# norwich cropper



## piegonsrock (Aug 14, 2009)

are norwich croppers a friendly breed of pigeon


----------



## piegonsrock (Aug 14, 2009)

*pouters*

what kinds of pouters are easiest for begginers


----------



## clucklebeed (Jul 30, 2009)

Yes, they are very friendly and compatible.
http://www.azpigeons.org/norwichcropper.htm


----------



## MaryOfExeter (Sep 30, 2007)

...Companionable


----------



## Yeasmin (Jun 24, 2009)

They are soo beautyful...


----------



## clucklebeed (Jul 30, 2009)

MaryOfExeter said:


> ...Companionable


Yah, I need to work on my spelling and all, summer vacation really drowns all the stuff you learned!


----------



## piegonsrock (Aug 14, 2009)

*German owls*

could you post some information on taking care of german owls


----------



## piegonsrock (Aug 14, 2009)

*saddel backs*

could you post some information care and matince on saddel backs


----------



## piegonsrock (Aug 14, 2009)

*holle croppers*

could you send me some information on care and matnince


----------



## piegonsrock (Aug 14, 2009)

*english pouter*

could you send me some information on care and matenance for english pouters


----------



## Skyeking (Jan 17, 2003)

I have combined all your threads to one thread in the show pigeons section since those are the breeds you are looking for , and perhaps you can do a search to locate more information on each breed your interested in yourself, and save valuable time. 

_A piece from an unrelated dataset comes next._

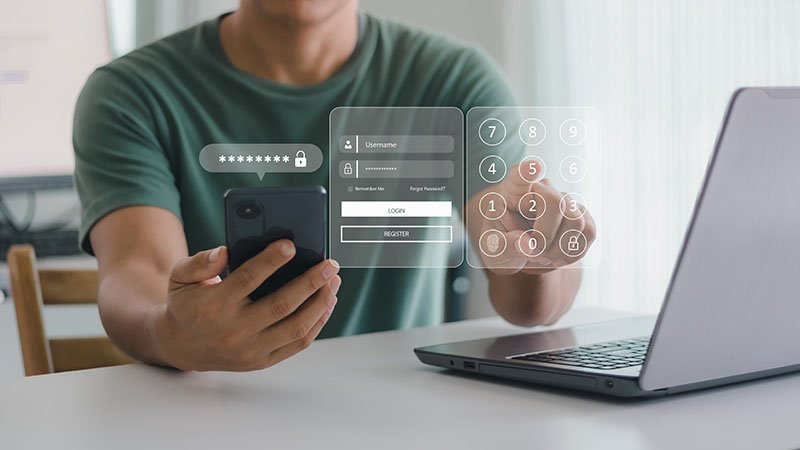 Person logger inn med mobil og datamaskin ved hjelp av tofaktorautentisering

Thank you for your interest in show pigeons.


----------



## clucklebeed (Jul 30, 2009)

German Owl
http://www.azpigeons.org/germanowl.htm


----------



## Skyeking (Jan 17, 2003)

Thank you, clucklebeed for sharing those links on the various breeds.


----------



## loftkeeper10 (Jul 31, 2004)

*Pouters And Croppers*

To Start Raiseing The Breeds That Blow I Would Start With Brunners Which Are Very Friendly Always On The Go And Can Raise There Own Young Voorburgs Would Be Next I Have Raised Norwich Which Are Prone To Sour Crop And Really Need Foster Parents For Young Not That They Cannt Just Seems They Are Not The Best I Am Talking From The Stand Ponit Of Show Stock Pouters Croppers Are Great Birds But Some Have The Sour Crop Issue I Always Hated Going To The Loft And Finding A Bird Hunched Over Full Crop And Not Able To Fly Or Barely Able To Move I Did Switch To Pellets Which Helped Some What Were I Could Flush Water And Get The Crop Cleaned Out


----------



## norwich (Jul 29, 2009)

*Norwich Croppers*

Croppers and Pouters are one of the tamest and most beautiful of all pigeons. They will eagerly respond to their keepers. Try these 2 clubs to help you understand the birds. National Pouter and Cropper Club and the Central Cropper and Pouter Club just google their info and you will find their sites


----------



## clucklebeed (Jul 30, 2009)

norwich said:


> Croppers and Pouters are one of the tamest and most beautiful of all pigeons. They will eagerly respond to their keepers. Try these 2 clubs to help you understand the birds. National Pouter and Cropper Club and the Central Cropper and Pouter Club just google their info and you will find their sites


Sounds like a bird I would like, my pigeons wouldn't pay any attention to me if their lives depended on it!


----------



## Pigeon lower (Oct 23, 2007)

Pouters are pretty fun .. I had a few , couple years back they where do big and liked to strunt to my dads homers.


----------



## clucklebeed (Jul 30, 2009)

I think they're a little funny though, their body looks too small for their crop! LOL


----------



## piegonsrock (Aug 14, 2009)

yeah they do


----------